Top of Source material

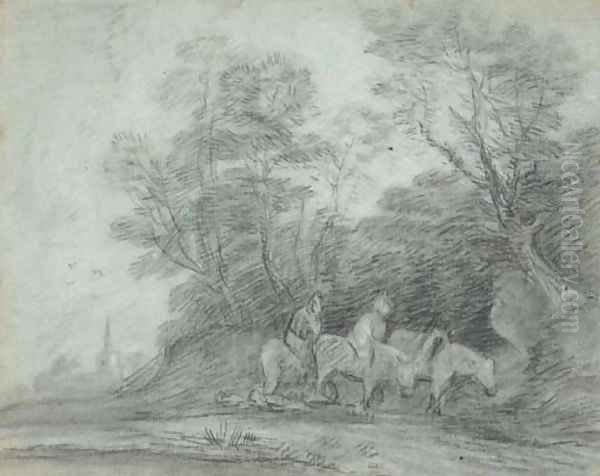 Two travellers on horseback, on a wooded track with a church beyond - view 1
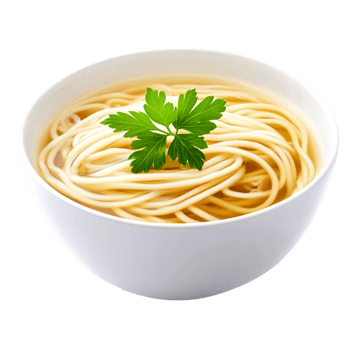 Delicious bowl of steaming noodle soup with fresh green herb garnish png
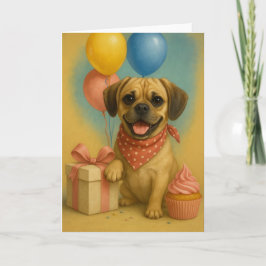 Festividades Cartão de Aniversário do Adorável Puggle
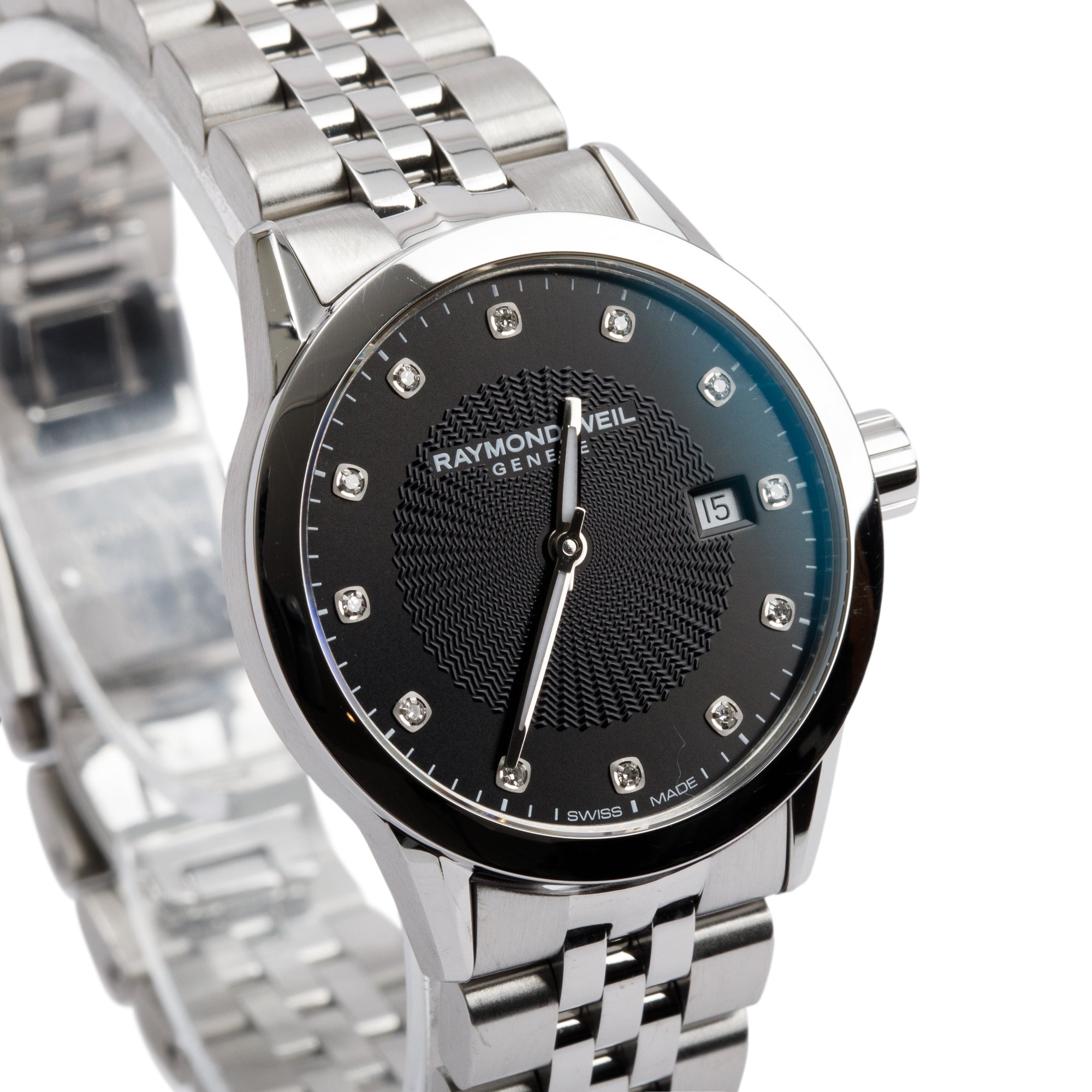 Raymond Weil Stainless Steel Diamond Dial Freelancer 29 MM Watch w/ Box & Papers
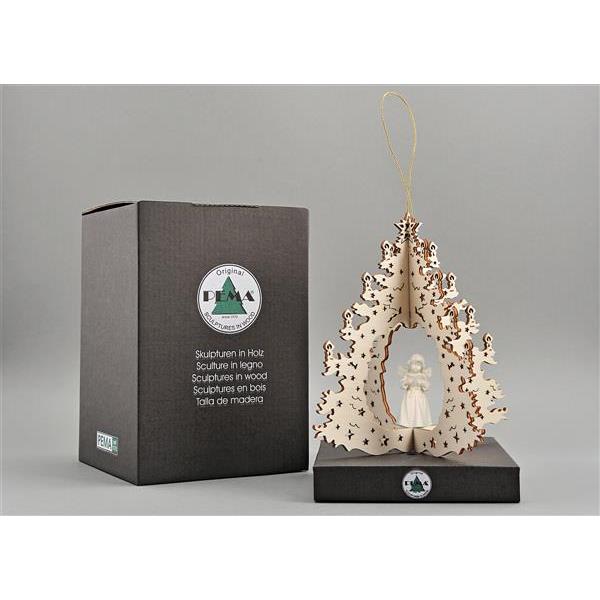 Christmas tree with Bell angel standing with notes - nat.+box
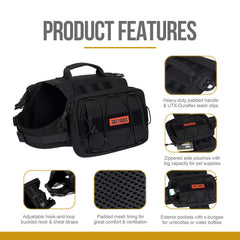 ONETIGRIS dog backpack featuring an exterior umbrella pocket for extra gear.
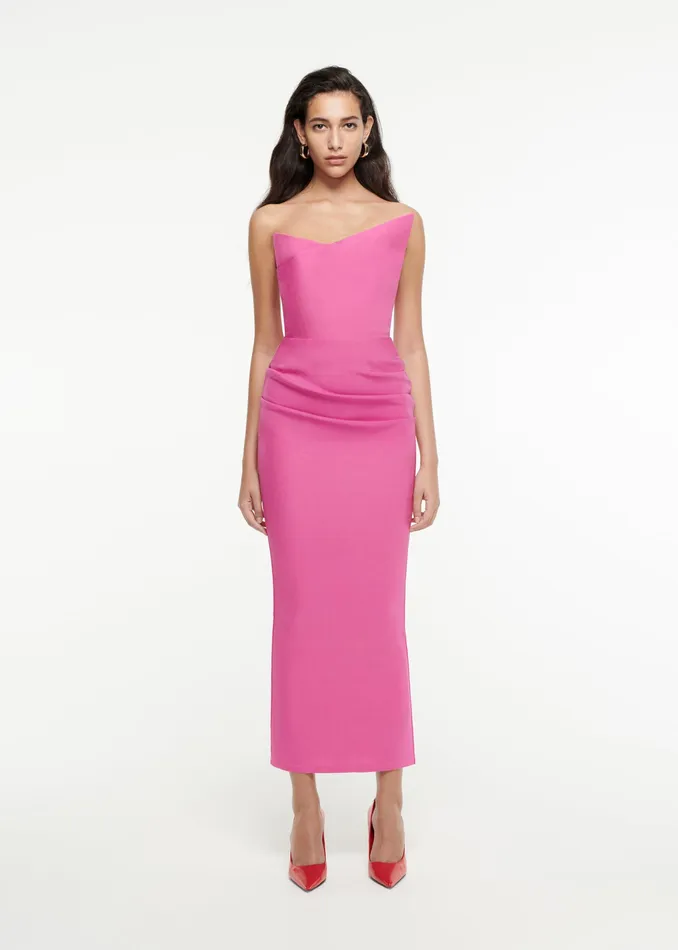 Women Roland Mouret Clothing Asymmetric Geometric Silk Wool Midi Dress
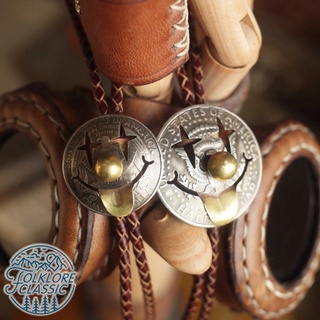 隔日到貨 Folklore Classic 復古Bolo tie 真牛皮保羅領帶 美元銀幣切割小丑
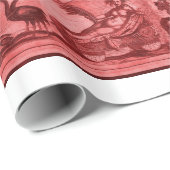 Red Version Antiek Wereldkaart J Blaeu 1664 Cadeaupapier (Rol Hoek)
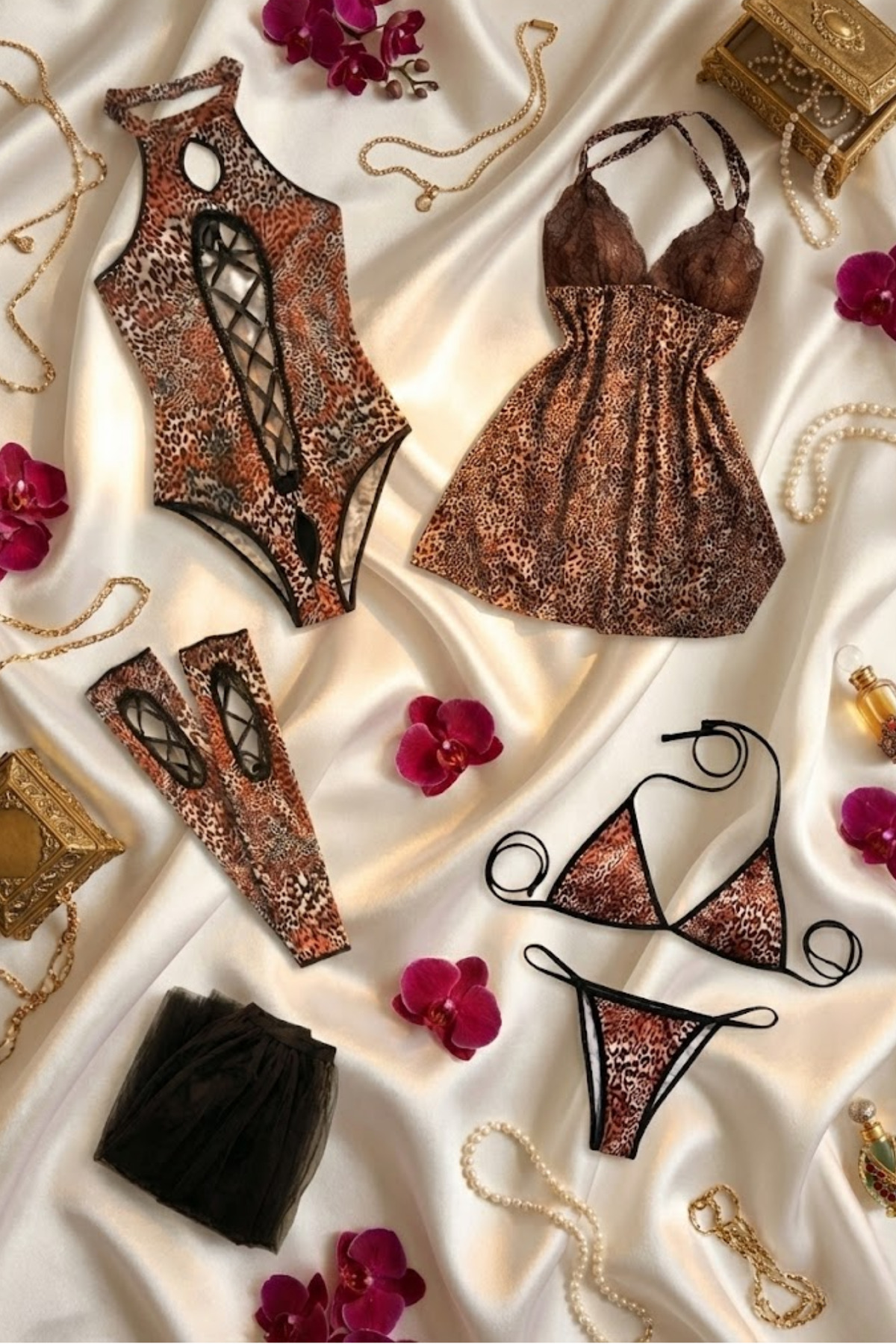 ZENCHES Kadın 7 Parça Leopar Çeyiz Seti - Kostüm,Gecelik,Sütyen Takımı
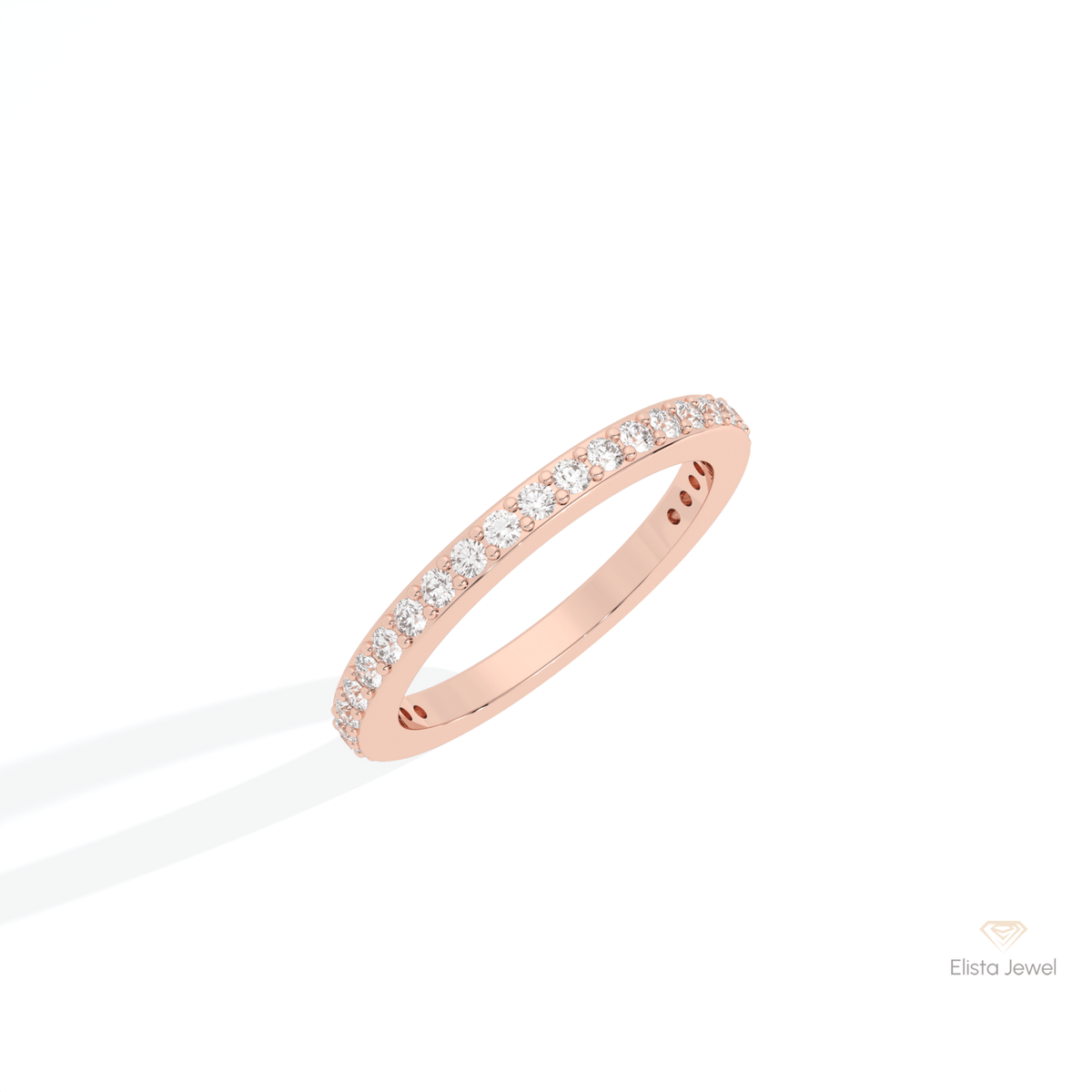 Round Cut Half Eternity Wedding Lab Grown Diamond Band in Platinum - Lifestyle View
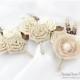 Set of 3 Groom Groomsmen Boutonnieres Wedding Bridal Flower Father Corsages with Flowers, Brooches in Ivory, Champagne, Cream,Tan and Brown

Bottom of Source material

Set down every record above exactly as it stands, but skip the pictures.

 Two travellers on horseback, on a wooded track with a church beyond - view 1
 Delicious bowl of steaming noodle soup with fresh green herb garnish png
 Festividades Cartão de Aniversário do Adorável Puggle
 Raymond Weil Stainless Steel Diamond Dial Freelancer 29 MM Watch w/ Box & Papers
 Christmas tree with Bell angel standing with notes - nat.+box
 ONETIGRIS dog backpack featuring an exterior umbrella pocket for extra gear.
 Women Roland Mouret Clothing Asymmetric Geometric Silk Wool Midi Dress
 隔日到貨 Folklore Classic 復古Bolo tie 真牛皮保羅領帶 美元銀幣切割小丑
 Red Version Antiek Wereldkaart J Blaeu 1664 Cadeaupapier (Rol Hoek)
 ZENCHES Kadın 7 Parça Leopar Çeyiz Seti - Kostüm,Gecelik,Sütyen Takımı
 Round Cut Half Eternity Wedding Lab Grown Diamond Band in Platinum - Lifestyle View
 Set of 3 Groom Groomsmen Boutonnieres Wedding Bridal Flower Father Corsages with Flowers, Brooches in Ivory, Champagne, Cream,Tan and Brown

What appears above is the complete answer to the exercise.